[DATA EXCERPTS]

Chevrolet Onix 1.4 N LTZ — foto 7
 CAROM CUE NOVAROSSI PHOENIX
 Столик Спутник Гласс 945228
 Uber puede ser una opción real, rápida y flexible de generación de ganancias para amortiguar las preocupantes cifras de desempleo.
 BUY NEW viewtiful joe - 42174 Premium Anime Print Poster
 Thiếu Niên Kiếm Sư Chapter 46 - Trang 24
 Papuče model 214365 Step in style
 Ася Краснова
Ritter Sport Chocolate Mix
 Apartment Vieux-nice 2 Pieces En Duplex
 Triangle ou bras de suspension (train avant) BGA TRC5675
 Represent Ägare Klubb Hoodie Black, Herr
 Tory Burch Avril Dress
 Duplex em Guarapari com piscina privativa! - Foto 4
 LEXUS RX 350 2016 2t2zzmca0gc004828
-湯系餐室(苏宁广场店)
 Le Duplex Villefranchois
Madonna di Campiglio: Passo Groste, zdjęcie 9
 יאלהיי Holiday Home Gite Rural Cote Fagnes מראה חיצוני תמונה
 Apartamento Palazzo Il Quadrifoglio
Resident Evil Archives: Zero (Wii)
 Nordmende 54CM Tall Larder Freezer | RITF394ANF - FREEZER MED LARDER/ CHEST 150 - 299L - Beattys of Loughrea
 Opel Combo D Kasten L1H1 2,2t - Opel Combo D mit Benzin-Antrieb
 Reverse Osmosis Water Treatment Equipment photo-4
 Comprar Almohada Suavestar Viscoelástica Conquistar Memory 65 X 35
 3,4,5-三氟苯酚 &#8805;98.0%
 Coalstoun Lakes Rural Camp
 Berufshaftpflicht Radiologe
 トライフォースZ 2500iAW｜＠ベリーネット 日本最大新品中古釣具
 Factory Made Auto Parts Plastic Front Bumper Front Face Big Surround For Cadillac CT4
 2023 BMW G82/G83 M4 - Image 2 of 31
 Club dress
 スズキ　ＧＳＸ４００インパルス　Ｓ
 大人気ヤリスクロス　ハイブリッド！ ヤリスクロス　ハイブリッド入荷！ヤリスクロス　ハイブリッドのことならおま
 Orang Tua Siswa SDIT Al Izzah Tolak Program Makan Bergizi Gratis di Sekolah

[BRIEF] Exactly as given, repeat every record above.

[ANSWER SPACE]
Chevrolet Onix 1.4 N LTZ — foto 7
 CAROM CUE NOVAROSSI PHOENIX
 Столик Спутник Гласс 945228
 Uber puede ser una opción real, rápida y flexible de generación de ganancias para amortiguar las preocupantes cifras de desempleo.
 BUY NEW viewtiful joe - 42174 Premium Anime Print Poster
 Thiếu Niên Kiếm Sư Chapter 46 - Trang 24
 Papuče model 214365 Step in style
 Ася Краснова
Ritter Sport Chocolate Mix
 Apartment Vieux-nice 2 Pieces En Duplex
 Triangle ou bras de suspension (train avant) BGA TRC5675
 Represent Ägare Klubb Hoodie Black, Herr
 Tory Burch Avril Dress
 Duplex em Guarapari com piscina privativa! - Foto 4
 LEXUS RX 350 2016 2t2zzmca0gc004828
-湯系餐室(苏宁广场店)
 Le Duplex Villefranchois
Madonna di Campiglio: Passo Groste, zdjęcie 9
 יאלהיי Holiday Home Gite Rural Cote Fagnes מראה חיצוני תמונה
 Apartamento Palazzo Il Quadrifoglio
Resident Evil Archives: Zero (Wii)
 Nordmende 54CM Tall Larder Freezer | RITF394ANF - FREEZER MED LARDER/ CHEST 150 - 299L - Beattys of Loughrea
 Opel Combo D Kasten L1H1 2,2t - Opel Combo D mit Benzin-Antrieb
 Reverse Osmosis Water Treatment Equipment photo-4
 Comprar Almohada Suavestar Viscoelástica Conquistar Memory 65 X 35
 3,4,5-三氟苯酚 &#8805;98.0%
 Coalstoun Lakes Rural Camp
 Berufshaftpflicht Radiologe
 トライフォースZ 2500iAW｜＠ベリーネット 日本最大新品中古釣具
 Factory Made Auto Parts Plastic Front Bumper Front Face Big Surround For Cadillac CT4
 2023 BMW G82/G83 M4 - Image 2 of 31
 Club dress
 スズキ　ＧＳＸ４００インパルス　Ｓ
 大人気ヤリスクロス　ハイブリッド！ ヤリスクロス　ハイブリッド入荷！ヤリスクロス　ハイブリッドのことならおま
 Orang Tua Siswa SDIT Al Izzah Tolak Program Makan Bergizi Gratis di Sekolah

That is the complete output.